Daily Commentary BY THE CURVE TEAM –

JobKeeper 2.0 Amended

7th of August, 2020

The economic damage from Victorian lockdowns has led the government to amend JobKeeper 2.0.

The initial JobKeeper 2.0 required a fall in revenue of 30% from the same period last year in the June and September quarter to be eligible for the payments from October to December. To be eligible for the payments from January to March in 2021 you would need to demonstrate a fall in revenue of 30% against the same period last year for the three prior quarters.

These have now been slightly relaxed. Businesses will now only need to demonstrate a fall in revenue of 30% or more in the September quarter. Although still stringent, some 40% of Victorian businesses are set to be eligible for the scheme.

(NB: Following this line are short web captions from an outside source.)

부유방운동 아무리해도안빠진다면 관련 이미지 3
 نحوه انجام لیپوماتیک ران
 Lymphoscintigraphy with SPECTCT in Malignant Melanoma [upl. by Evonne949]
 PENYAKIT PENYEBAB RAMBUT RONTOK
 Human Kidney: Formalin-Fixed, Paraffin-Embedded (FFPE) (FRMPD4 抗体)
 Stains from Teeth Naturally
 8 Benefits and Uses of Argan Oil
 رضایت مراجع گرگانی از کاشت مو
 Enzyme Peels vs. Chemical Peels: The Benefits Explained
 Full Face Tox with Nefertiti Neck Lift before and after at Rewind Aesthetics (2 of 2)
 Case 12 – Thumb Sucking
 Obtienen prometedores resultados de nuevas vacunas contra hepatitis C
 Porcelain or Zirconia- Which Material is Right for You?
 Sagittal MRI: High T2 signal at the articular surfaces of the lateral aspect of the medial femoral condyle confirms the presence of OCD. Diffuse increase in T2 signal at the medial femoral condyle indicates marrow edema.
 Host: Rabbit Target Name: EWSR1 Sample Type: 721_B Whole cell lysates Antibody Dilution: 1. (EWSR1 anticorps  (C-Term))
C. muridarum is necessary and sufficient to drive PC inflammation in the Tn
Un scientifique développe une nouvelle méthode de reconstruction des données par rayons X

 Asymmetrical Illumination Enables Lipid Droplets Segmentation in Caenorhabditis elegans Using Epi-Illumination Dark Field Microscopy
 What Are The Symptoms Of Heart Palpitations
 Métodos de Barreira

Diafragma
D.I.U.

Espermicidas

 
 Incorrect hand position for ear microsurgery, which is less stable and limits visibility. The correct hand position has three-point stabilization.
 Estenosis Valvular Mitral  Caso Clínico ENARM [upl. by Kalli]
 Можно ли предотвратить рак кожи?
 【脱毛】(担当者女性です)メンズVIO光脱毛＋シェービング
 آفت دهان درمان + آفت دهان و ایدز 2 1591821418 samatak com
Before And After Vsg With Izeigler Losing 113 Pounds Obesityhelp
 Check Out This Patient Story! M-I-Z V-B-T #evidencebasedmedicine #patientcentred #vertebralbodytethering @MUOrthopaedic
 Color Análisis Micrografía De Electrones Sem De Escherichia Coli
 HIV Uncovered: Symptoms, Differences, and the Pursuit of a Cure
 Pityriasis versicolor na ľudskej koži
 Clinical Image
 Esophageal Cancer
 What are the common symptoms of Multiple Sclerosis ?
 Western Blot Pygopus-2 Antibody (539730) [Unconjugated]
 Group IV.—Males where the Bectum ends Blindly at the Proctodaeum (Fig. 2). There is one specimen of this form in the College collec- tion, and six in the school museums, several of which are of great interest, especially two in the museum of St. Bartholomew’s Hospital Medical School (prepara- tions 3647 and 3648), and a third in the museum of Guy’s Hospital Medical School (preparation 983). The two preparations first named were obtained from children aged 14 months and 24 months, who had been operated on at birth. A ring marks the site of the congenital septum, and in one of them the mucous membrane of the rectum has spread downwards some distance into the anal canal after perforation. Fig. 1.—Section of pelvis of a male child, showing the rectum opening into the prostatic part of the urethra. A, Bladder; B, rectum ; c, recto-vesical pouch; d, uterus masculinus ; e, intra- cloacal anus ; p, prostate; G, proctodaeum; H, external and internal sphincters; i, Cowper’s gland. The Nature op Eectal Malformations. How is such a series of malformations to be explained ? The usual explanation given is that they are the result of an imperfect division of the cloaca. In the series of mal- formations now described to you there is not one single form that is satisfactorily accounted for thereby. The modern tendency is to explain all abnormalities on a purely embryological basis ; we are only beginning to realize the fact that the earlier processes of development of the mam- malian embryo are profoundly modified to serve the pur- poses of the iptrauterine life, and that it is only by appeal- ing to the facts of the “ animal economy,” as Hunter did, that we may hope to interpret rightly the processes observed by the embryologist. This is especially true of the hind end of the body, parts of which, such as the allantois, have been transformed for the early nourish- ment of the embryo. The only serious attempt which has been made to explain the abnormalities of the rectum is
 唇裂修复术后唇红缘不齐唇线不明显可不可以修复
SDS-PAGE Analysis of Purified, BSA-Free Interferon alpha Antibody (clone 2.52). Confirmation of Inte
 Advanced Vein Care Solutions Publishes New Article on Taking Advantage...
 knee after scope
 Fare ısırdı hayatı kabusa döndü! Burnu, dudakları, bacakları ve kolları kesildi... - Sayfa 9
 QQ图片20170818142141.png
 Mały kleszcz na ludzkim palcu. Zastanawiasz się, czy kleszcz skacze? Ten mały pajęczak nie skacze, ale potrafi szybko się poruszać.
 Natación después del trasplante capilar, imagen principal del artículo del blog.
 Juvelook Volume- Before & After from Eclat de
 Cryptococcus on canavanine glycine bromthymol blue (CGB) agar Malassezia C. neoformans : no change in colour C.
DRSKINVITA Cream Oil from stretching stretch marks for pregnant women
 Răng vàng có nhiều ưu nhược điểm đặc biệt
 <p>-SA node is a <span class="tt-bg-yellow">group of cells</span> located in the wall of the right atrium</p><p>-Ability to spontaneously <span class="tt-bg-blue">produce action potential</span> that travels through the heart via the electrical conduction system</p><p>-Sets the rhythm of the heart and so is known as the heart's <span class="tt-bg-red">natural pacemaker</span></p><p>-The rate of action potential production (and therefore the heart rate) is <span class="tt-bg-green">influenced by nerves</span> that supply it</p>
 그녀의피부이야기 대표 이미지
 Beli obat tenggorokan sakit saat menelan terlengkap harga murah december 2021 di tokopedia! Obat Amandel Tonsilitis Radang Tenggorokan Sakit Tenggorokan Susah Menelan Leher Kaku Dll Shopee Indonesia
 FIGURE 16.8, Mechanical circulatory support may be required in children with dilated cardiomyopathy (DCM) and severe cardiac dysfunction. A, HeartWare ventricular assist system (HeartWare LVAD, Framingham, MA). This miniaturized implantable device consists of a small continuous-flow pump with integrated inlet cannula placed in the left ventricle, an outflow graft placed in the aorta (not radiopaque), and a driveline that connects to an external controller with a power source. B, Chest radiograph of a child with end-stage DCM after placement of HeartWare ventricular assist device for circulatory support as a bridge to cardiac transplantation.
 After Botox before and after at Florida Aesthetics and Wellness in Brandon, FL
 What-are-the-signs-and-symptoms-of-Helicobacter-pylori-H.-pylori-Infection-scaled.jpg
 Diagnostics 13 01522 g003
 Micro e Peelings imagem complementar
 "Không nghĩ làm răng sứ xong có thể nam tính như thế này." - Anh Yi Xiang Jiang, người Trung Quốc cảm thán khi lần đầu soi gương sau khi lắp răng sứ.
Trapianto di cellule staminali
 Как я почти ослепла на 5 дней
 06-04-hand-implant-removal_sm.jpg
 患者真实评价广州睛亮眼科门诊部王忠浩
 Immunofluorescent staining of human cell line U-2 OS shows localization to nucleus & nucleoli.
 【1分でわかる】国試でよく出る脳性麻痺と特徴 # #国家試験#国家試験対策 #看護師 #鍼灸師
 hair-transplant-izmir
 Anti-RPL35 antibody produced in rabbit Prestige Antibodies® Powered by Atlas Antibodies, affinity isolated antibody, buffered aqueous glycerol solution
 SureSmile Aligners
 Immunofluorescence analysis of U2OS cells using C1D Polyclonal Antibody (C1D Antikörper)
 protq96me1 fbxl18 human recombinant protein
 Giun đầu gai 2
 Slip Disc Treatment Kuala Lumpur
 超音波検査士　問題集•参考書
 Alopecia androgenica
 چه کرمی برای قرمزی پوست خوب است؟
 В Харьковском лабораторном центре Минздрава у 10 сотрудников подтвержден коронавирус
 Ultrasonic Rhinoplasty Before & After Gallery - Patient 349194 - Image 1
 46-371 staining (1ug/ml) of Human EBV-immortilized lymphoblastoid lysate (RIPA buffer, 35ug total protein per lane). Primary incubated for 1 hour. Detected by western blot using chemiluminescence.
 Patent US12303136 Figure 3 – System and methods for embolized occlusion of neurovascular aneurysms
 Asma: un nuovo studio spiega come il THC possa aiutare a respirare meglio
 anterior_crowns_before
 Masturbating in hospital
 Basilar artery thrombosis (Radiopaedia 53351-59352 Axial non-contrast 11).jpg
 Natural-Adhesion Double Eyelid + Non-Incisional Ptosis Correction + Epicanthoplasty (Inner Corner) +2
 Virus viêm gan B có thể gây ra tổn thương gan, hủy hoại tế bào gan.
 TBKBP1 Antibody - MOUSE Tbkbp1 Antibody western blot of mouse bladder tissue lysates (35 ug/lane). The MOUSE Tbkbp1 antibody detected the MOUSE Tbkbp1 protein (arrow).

The announcement comes as economic forecasts are being updated in wake of the severe hit to economic from the second wave in Victoria. Treasury has increased its estimate for unemployment to peak at 10% rather than 9.25%, which aligns with the RBA’s forecast. Once JobKeeper 2.0 begins from October and some businesses stop receiving payments unemployment is expected to go to 13%.

In contrast to yesterday’s US ISM Services Index read, which indicated businesses were still reluctant to hire despite rising activity, US employment data beat expectations. There were 1.186 million initial jobless claims where 1.4 million were expected.

Although better than expected, it still makes for grim reading. Initial claims are people who have recently lost their job. This week’s number was the lowest since mid-March, which implies businesses have been and are still letting off employees in vast numbers.

Today the Statement of Monetary Policy is released. This will provide an update on the outlook on the economy.